Instruction stage: Initial Positioning and verbal Instructions

The Walk and Turn Field Sobriety Test  - Instructional Stage.

For standardization in the performance of this test have the suspect assume the heel to toe stance by giving the following verbal instructions accompanied by demonstrations:

  • Place your left foot on the line (real or imaginary). Demonstrate
  • Place your right foot on the line ahead of the left foot with the heel of the right foot against the toe of left foot. Demonstrate.
  • Place your arms down at your sides. Demonstrate.
  • Keep this position until I tell you to begin. Do not start to walk until told to do so.
  • Do you understand the instructions so far? (Make sure suspect indicates understanding).

Demonstration and instructions for the walking stage
Explain the test requirements using the following instructions accompanied by demonstrations:

  • When I tell you to start take nine heel to toe steps, turn, and take nine heel to toe steps back. (Demonstrate 3 heel to toe steps).
  • When you turn keep the front foot on the line and turn by taking a series of small steps with the other foot like this. (Demonstrate).
  • While you are walking, keep your arms at your sides, watch your feet at all times, and count your steps out loud.
  • Once you start walking, do not stop until you have completed the test.
  • Do you understand the instructions? (Make sure suspect understands)
  • Begin and count your first step from the heel to toe position as one.  (P. VIII-9, NHTSA SFST Student Manual)

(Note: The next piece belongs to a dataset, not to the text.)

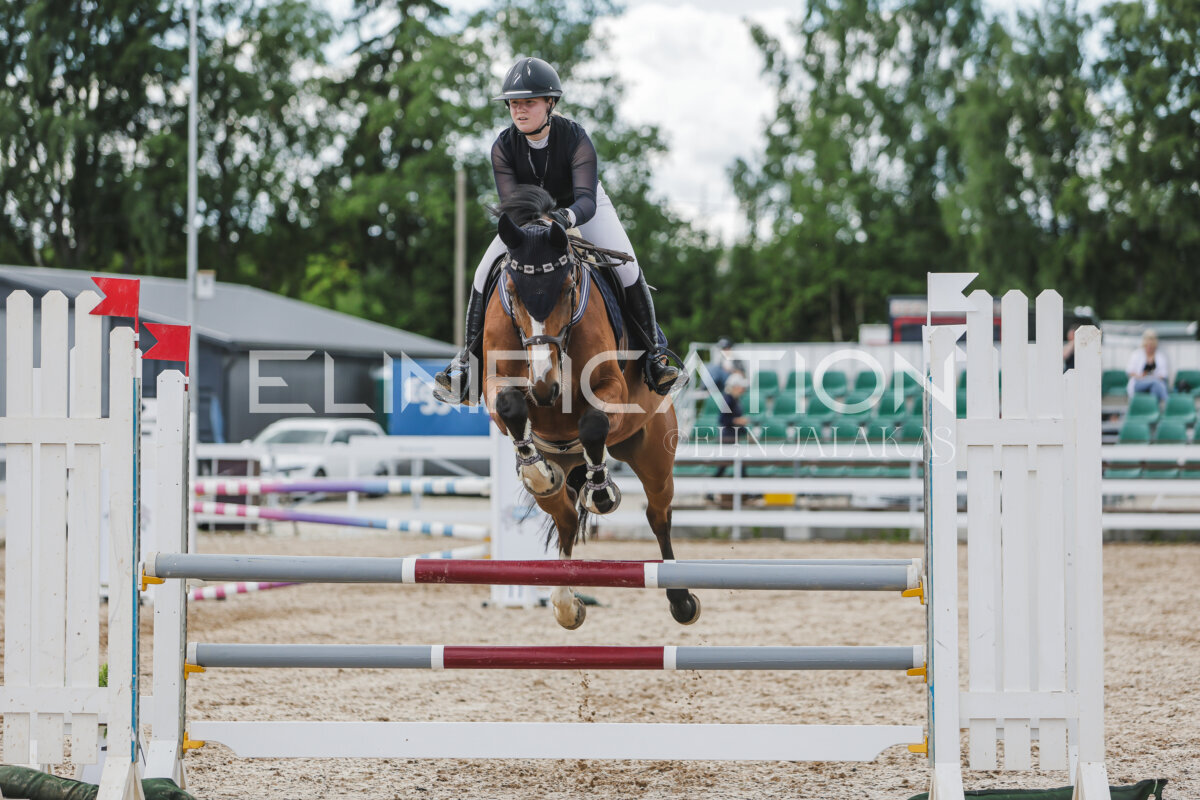 Gramina_Jaanipaev_2026_110_305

A police  report will list, or fail to list if you were told to maintain the instructional position and not begin the test until instructed to do so. If anything is omitted,  or changed from these administrative protocols, the test has been altered and is no longer a standardized, validated sobriety test. As a result of the changes having been made the test has been compromised and the results will be invalid and unreliable.

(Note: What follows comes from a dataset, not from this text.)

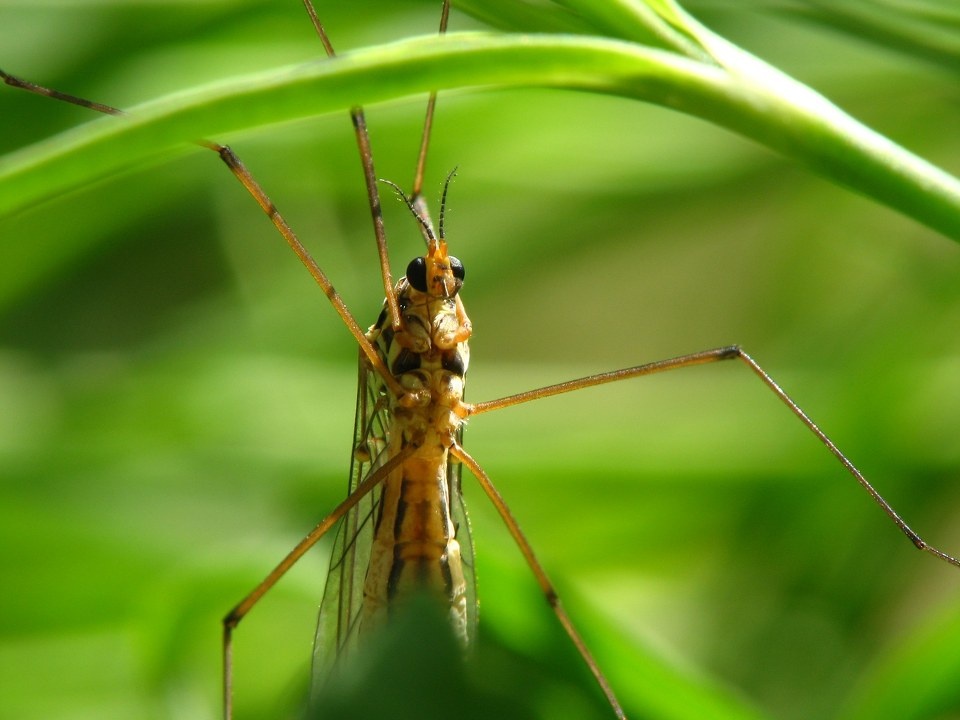 昆虫杂烩 - 昆虫杂烩 - 小晗的心 - 图虫摄影网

NHTSA says that: “IT IS NECESSARY TO EMPHASIZE THIS VALIDATION APPLIES ONLY WHEN: THE TESTS ARE ADMINISTERED IN THE PRESCRIBED STANDARDIZED MANNER, THE STANDARDIZED CLUES ARE USED TO ASSESS THE SUSPECTS PERFORMANCE, THE STANDARDIZED CRITERIA ARE EMPLOYED TO INTERPRET THAT PERFORMANCE. IF ANY ONE OF THE STANDARDIZED FIELD SOBRIETY TEST ELEMENTS IS CHANGED THE VALIDITY IS COMPROMISED” (P.VIII-19, SFST student manual, HS 178 R1/02).

THE STANDARDIZED FIELD SOBRIETY TESTS ARE NOT AT ALL FLEXIBLE. THEY MUST BE ADMINISTERED EACH TIME, EXACTLY AS OUTLINED IN THIS COURSE (P. 8, SFST Administrators Guide, HS 178 R1/02).

Walk and Turn Limitations

“The original research indicated that individuals over 65 years of age, who have back, leg or middle ear problems had difficulty performing this test. Individual wearing heels more than 2 inches high should be given the opportunity to remove their shoes” (P. VIII-11, NHTSA SFST Student Manual, 2002).
Examples of conditions that may interfere with suspect’s performance of the walk and turn test:

  • Wind/weather conditions;
  • Suspects age, weight;
  • Suspects footwear.

Test Scoring

For this test, the original validation studies for the Walk and Turn, from a 1977 study, indicated that two or more of the following clues corresponded to a blood alcohol level above .10%, and a 1996 study stated two or more clues corresponded to a level above .08:

  • Can’t balance during instructions.
  • Starts too soon.
  • Stops while walking.
  • Doesn’t touch heel to toe.
  • Steps off the line.
  • Uses arms for balance.
  • Improper Turn / Loses balance on turn.
  • Wrong number of steps.

(Our DUI Defense Lawyers usually review any patrol car video carefully, while being mindful of the eight cues above).